* Exercise material
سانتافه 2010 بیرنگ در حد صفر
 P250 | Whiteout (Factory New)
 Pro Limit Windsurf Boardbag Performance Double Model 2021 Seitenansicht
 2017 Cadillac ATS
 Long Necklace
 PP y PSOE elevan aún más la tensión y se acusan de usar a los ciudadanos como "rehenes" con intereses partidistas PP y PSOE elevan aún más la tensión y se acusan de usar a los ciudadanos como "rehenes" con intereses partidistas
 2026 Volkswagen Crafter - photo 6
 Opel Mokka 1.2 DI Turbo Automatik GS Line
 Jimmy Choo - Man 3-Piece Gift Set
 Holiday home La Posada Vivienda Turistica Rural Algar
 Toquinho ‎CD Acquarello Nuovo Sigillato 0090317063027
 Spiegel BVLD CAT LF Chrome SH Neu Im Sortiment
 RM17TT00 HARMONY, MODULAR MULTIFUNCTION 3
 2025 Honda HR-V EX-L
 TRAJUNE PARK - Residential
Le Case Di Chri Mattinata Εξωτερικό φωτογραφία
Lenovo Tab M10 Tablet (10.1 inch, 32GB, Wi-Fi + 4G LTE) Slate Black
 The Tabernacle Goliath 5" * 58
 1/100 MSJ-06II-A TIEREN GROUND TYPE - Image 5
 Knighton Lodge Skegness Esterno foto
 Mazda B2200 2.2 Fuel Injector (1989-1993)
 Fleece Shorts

* What to work on
Set down only the lines from the line with "RM17TT00 HARMONY, MODULAR MULTIFUNCTION 3" through the last line of the data above, keeping both the first and the last.

* Expected answer
 RM17TT00 HARMONY, MODULAR MULTIFUNCTION 3
 2025 Honda HR-V EX-L
 TRAJUNE PARK - Residential
Le Case Di Chri Mattinata Εξωτερικό φωτογραφία
Lenovo Tab M10 Tablet (10.1 inch, 32GB, Wi-Fi + 4G LTE) Slate Black
 The Tabernacle Goliath 5" * 58
 1/100 MSJ-06II-A TIEREN GROUND TYPE - Image 5
 Knighton Lodge Skegness Esterno foto
 Mazda B2200 2.2 Fuel Injector (1989-1993)
 Fleece Shorts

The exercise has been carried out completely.